Having practiced the profession for more than 30 years, I’ve come to understand that what an interior designer does—what you will learn to do in the years ahead—is create an experience using space and light. Because interiors don’t typically last as long as the shells that enclose them, our field has existed for many years in the shadow of “starchitect” exteriors. But it’s important to remember that most of us experience architecture from the inside out. Interior design is part psychology, part cultural anthropology, and part behavioral science practiced through mediums of space and time. Like gardening or even farming, it is the art of creating living ecosystems. (You probably didn’t realize you were studying to be a farmer.)
How this particular discipline is taught is of great concern to those of us who will hire the next generation of designers. As the head of a company with young designers on staff, there is a surge of first-rate talent coming to our firms equipped with some of the most sophisticated technical expertise I’ve ever seen. Our design schools are doing a bang-up job teaching AutoCAD and Revit, Rhino, InDesign, and SketchUp.
Where I would like to see more progress is in teaching the process—or maybe I should say the habit—of critical thinking. The great software tools that have shifted our profession from literal drawing boards to digital screens have brought with them precision, consistency, and ease of use, but also a habit of conformity that is the antithesis of good design. The challenge of modern design education is to teach the high-tech mechanics of the craft while simultaneously breaking the herding instinct (and reliance on shortcuts) those mechanics tend to encourage.
In other words, when you come into my class (or my firm) you will be required to untether from the internet, close your apps and programs, and open your eyes to the world around you—specifically, to your world. Every designer is inundated with influences: image boards, pins, manufacturer’s pitches, design blogs, magazines like this one, HGTV, etc. But if design is the art of creating experiences, the quality spaces will be those that are drawn from experience and replicate a feeling the designer knows firsthand.
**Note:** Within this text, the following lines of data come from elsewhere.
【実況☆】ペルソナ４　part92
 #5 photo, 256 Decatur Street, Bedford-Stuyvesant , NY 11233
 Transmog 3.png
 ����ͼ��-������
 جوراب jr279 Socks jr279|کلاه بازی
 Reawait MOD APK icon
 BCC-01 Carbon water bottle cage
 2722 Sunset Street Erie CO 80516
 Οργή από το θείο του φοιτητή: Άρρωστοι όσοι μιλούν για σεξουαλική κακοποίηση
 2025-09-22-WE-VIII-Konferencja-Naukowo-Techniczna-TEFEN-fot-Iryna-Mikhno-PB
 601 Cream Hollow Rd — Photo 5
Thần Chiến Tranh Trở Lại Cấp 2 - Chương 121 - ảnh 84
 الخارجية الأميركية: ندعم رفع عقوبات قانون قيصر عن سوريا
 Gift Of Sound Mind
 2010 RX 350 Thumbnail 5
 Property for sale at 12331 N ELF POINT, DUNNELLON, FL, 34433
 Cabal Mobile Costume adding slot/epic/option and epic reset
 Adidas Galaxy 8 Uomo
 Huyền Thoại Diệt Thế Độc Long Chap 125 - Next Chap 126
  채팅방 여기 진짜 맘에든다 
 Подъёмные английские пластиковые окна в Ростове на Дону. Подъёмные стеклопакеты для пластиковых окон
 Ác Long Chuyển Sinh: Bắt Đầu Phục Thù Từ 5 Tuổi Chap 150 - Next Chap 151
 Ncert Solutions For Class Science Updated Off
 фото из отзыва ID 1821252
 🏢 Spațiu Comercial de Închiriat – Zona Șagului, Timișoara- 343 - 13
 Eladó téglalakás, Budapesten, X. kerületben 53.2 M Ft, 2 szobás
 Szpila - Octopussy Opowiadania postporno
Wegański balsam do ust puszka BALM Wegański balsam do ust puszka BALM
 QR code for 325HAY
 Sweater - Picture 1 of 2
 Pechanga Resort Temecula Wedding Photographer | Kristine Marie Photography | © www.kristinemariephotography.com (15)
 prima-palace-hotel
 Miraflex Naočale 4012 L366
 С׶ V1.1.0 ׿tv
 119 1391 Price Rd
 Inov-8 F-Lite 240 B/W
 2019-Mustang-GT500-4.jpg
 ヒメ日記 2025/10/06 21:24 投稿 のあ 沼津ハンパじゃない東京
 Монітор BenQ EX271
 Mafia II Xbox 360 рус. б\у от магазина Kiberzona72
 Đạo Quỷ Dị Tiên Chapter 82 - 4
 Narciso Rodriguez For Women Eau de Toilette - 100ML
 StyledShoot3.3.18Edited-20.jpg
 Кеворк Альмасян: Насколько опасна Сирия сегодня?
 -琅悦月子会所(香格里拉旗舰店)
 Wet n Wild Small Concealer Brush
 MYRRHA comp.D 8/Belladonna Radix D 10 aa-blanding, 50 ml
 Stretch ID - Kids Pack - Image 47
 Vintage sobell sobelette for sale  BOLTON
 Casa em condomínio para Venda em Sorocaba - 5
One of my favorite exercises with students is to ask them to think of a favorite space and to analyze what specifically creates the experience that makes it their favorite. Begin design development not with an idea, but with a feeling—say of your bare feet walking as a child on uneven wood or of the particular quality of light coming through an iced-over window late on a winter afternoon. If you start with the emotion of a space and then develop your idea from that, the resulting design will have an authenticity you won’t find on the internet.
The best minds in design education today are searching for new ways to teach a path to authenticity. In a world that’s increasingly digital, virtual, and governed by algorithms, the role of designers going forward will be to connect with the timeless sensations we experience through the soles of our feet. You can teach that?